Incorrect behaviour also detected from ftp.netbsd.org and www.netbsd.org (1.5-release?)
>Description:
	The TCP MSS option sent in a TCP SYN packet is supposed to reflect
	the maximum TCP segment size the sender can receive NOT including
	any options.  i.e. it's the maximum IP packet size (usually 1500 
	on ethernet) minus 40 (the minimum length of the ip and tcp headers).
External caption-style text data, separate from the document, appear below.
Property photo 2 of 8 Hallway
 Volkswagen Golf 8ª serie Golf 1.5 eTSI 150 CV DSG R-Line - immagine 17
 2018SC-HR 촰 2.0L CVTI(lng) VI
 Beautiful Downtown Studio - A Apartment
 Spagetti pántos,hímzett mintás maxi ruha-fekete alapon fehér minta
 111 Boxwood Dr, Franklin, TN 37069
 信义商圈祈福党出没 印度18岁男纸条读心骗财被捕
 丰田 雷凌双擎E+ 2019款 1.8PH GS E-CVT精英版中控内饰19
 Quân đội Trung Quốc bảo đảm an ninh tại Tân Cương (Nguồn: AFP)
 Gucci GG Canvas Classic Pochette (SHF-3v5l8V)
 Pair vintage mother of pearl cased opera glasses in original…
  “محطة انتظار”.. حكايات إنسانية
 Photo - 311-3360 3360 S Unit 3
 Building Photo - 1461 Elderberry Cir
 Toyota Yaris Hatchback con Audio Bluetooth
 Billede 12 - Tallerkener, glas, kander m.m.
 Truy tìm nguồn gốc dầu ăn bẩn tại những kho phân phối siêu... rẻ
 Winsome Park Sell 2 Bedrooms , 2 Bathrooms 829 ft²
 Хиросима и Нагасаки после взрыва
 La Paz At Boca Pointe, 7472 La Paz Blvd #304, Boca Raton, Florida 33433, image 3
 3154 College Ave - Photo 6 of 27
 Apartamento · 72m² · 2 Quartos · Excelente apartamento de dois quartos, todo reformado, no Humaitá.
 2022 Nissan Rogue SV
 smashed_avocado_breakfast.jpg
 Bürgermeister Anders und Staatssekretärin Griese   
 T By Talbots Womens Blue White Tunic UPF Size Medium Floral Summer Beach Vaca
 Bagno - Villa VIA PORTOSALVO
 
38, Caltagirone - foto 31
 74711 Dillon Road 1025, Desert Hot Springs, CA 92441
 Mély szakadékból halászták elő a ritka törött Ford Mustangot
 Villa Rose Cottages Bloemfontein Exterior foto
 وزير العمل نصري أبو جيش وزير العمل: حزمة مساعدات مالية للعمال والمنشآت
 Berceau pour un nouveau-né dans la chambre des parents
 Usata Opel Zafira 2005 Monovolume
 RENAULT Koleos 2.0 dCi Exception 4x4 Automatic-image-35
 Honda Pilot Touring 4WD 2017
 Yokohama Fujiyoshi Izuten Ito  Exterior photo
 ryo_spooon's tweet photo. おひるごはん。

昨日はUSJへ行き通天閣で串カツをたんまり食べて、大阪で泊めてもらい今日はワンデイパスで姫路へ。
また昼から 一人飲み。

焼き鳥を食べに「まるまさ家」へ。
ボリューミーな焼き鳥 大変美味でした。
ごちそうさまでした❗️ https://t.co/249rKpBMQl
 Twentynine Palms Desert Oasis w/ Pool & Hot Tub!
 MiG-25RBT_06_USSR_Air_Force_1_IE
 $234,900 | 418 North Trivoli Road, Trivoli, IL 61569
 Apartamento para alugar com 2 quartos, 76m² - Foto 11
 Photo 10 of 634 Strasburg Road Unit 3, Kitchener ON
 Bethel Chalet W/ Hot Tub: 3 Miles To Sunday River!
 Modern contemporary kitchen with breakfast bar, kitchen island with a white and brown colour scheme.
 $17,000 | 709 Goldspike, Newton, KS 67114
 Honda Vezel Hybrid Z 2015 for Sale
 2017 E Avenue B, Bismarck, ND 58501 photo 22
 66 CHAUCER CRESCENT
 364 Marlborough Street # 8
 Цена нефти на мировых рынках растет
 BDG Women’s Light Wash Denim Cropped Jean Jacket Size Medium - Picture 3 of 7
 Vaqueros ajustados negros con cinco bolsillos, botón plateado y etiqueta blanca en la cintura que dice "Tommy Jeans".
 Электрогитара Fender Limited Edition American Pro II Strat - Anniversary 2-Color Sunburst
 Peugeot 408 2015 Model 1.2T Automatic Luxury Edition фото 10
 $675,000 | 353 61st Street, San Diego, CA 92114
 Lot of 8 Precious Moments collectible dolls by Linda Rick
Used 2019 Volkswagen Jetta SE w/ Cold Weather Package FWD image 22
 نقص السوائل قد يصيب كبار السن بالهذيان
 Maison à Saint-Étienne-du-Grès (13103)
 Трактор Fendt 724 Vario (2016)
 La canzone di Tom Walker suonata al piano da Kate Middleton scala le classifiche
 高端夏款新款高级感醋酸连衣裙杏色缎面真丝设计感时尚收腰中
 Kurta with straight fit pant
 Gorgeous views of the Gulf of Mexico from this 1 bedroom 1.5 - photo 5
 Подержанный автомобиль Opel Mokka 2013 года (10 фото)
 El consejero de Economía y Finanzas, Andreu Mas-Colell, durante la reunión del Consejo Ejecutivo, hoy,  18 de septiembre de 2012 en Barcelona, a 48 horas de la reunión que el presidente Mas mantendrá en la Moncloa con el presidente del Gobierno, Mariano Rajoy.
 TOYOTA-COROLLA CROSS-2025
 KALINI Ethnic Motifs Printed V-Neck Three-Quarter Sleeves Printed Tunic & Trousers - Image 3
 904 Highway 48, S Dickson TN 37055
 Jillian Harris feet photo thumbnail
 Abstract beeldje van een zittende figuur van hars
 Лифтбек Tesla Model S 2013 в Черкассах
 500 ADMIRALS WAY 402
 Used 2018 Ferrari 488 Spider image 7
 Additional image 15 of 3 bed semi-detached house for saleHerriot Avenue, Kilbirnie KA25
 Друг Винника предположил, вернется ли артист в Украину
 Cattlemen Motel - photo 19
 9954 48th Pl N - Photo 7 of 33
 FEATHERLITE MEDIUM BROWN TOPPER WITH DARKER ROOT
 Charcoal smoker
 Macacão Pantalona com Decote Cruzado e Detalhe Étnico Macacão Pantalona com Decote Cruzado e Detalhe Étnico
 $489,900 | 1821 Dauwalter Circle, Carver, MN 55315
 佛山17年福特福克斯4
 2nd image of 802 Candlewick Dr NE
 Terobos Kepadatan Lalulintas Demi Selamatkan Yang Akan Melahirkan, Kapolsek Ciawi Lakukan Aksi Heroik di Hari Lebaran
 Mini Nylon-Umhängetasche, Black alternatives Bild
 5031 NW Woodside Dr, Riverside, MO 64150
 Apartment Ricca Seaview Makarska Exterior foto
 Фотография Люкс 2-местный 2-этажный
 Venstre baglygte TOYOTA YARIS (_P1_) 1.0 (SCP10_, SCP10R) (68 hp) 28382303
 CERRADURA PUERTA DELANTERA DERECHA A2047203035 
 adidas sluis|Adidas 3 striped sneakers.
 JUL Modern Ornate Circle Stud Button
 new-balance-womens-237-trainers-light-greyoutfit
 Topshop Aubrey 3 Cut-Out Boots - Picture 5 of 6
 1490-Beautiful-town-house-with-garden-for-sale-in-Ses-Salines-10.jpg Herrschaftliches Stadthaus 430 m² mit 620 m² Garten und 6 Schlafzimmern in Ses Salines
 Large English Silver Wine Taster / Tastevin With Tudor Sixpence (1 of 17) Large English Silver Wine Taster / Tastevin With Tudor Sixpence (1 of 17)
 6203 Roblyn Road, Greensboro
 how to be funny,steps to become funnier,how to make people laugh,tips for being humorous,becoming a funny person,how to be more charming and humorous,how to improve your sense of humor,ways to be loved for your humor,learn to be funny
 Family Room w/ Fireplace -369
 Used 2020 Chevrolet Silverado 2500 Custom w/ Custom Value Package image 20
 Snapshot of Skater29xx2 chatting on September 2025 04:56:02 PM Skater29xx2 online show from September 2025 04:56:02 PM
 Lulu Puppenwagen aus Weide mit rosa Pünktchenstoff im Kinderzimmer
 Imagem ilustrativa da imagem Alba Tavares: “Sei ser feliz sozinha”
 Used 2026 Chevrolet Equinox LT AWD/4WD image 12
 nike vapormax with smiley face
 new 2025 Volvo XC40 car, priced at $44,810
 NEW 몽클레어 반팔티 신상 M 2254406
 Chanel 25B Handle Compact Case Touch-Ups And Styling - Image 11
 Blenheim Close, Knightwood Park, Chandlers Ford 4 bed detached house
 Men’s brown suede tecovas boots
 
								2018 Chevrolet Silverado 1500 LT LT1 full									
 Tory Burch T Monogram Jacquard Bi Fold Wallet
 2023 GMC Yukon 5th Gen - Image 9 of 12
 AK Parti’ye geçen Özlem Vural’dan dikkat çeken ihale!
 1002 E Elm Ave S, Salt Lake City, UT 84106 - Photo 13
	When NetBSD receives a tcp packet with an MSS that is smaller than
	it's own mss, it doesn't properly take the options into account and
	(if any tcp options are used) will end up generating TCP packets
	that are bigger than the receiver has said it can receive.  This
	typically results in fragmentation, or in the worst case - packet
	loss.
>How-To-Repeat:
	On machine A (any OS), lower the default MSS to, for example, 1360 
	(i.e. set the ethernet MTU to 1400).  Make sure the NetBSD machine
	(call it "B") will use some kind of TCP options (i.e. 
	net.inet.tcp.timestamps is enabled, which is the default).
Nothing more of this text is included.